Data records section start

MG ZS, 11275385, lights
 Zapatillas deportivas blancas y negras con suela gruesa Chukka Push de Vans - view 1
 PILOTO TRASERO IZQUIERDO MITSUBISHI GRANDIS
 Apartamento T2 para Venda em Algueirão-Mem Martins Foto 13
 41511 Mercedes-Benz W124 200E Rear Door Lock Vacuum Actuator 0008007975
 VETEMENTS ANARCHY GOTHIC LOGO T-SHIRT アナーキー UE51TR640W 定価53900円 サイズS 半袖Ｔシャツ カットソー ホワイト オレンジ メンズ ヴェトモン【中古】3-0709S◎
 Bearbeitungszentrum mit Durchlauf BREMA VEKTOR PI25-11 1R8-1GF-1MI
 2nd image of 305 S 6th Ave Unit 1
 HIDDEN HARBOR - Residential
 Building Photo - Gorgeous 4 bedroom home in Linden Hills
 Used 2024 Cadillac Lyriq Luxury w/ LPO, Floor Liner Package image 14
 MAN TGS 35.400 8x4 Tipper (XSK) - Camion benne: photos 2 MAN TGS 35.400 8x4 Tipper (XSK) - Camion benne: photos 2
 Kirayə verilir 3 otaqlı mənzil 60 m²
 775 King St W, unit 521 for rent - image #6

Data records section end

§ **Work to complete**
Gather each line of the listing containing the word "image" and show it.

§ **Exercise solution**
 2nd image of 305 S 6th Ave Unit 1
 Used 2024 Cadillac Lyriq Luxury w/ LPO, Floor Liner Package image 14
 775 King St W, unit 521 for rent - image #6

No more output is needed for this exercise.